Over the last decade, I have attended a fair share of municipal public hearings. Public hearings are legally required in BC before council can vote on an approval or rejection of a rezoning application. Over the years, I’ve come to question the effectiveness of the public hearing. It basically allows people to vent some steam, but I don’t think the format provides a representative view of the community or allows for people to be fully engaged in a productive discussion about the implementation of land-use policy. The best kind of community planning includes citizens in a productive feedback system that starts from the official community plan and works its way down to a development application. The public hearing format is almost setup to be adversarial.

Last night, I was at a public hearing for a proposed higher-density development near 68th Avenue and 200th Street. You can read more about the proposal on a previous post. When a development proposal comes forward with higher-density in a newer neighbourhood with lower-density, some people in the neighbourhood get upset. The issues are normally around parking, traffic, land-value, schools and crime. Last night was no different with people who live in lower-density housing blaming people in higher-density housing for causing all that is wrong with their community. I’ve seen people who live in single-family housing think that people who live in townhouses are the problem, and people who live in townhouses think that people who live in apartments are the problem. It’s all very interesting when you consider the facts.

Parking is usually an issue in single-family neighbourhoods because single-family homeowner’s have a habit of building illegal secondary suites. Also both single-family and townhouse dwellers tend to store everything but their cars in a garage. Apartment dwellers are only allowed to store cars in their parking spots. Generally as you increase density, you reduce the amount of parking required.

The notion that traffic is only created by apartments is also interesting because lower-density neighbourhoods only support the auto as a viable form of transportation. A mix of housing types is important and higher-density developments like walk-up apartments is needed to make public transit viable and give people an option out of congestion. The one thing I did notice at this public hearing was that people didn’t see the connection between their own travel habits and the creation of traffic.

The other interesting thing that I noticed is that people who live in lower-density housing think that people who live in higher-density housing create more crime and will lower their property value. This couldn’t be further from the truth. Crime has more to do with social-economic conditions than whether you live in an apartment or single-family house. Property value tends to increase when you have a community that is walkable and can support a diversity of transportation options. If this wasn’t the case, Vancouver wouldn’t have multi-million dollars houses. I should point out that apartments exist in West Vancouver too.

People get very excited about schools at public hearings. It’s interesting because if people have issues with their school system, they really should be talking to their MLA or School Board Trustee. Municipal councils don’t have control over schools. For some reason people in single-family homes think that apartments will be chock-full of families with children ready to overwhelm their schools. I’d venture to guess that more families with children live in townhouses and single-family houses than apartments. In fact, I would put money on the theory that townhouses create the highest child-per-acre metric.

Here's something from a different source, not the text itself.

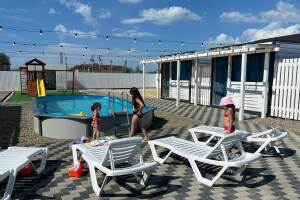 Изображение отеля / гостиницы "Домики с бассейном «На море и точка»"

Public hearings are always interesting to attend because most people do not have an understanding of community development. This is not their fault. Beside changing to a more consultative process for community planning, it would be good if the Township could host an event about community planning like they do in the City of Surrey. It would give people the opportunity to form more educated opinions about how their community is changing and how it should change.

At the end of the day, adding a higher-density development to an established lower-density neighbourhood will always generate some opposition. I don't think there is any way around that fact.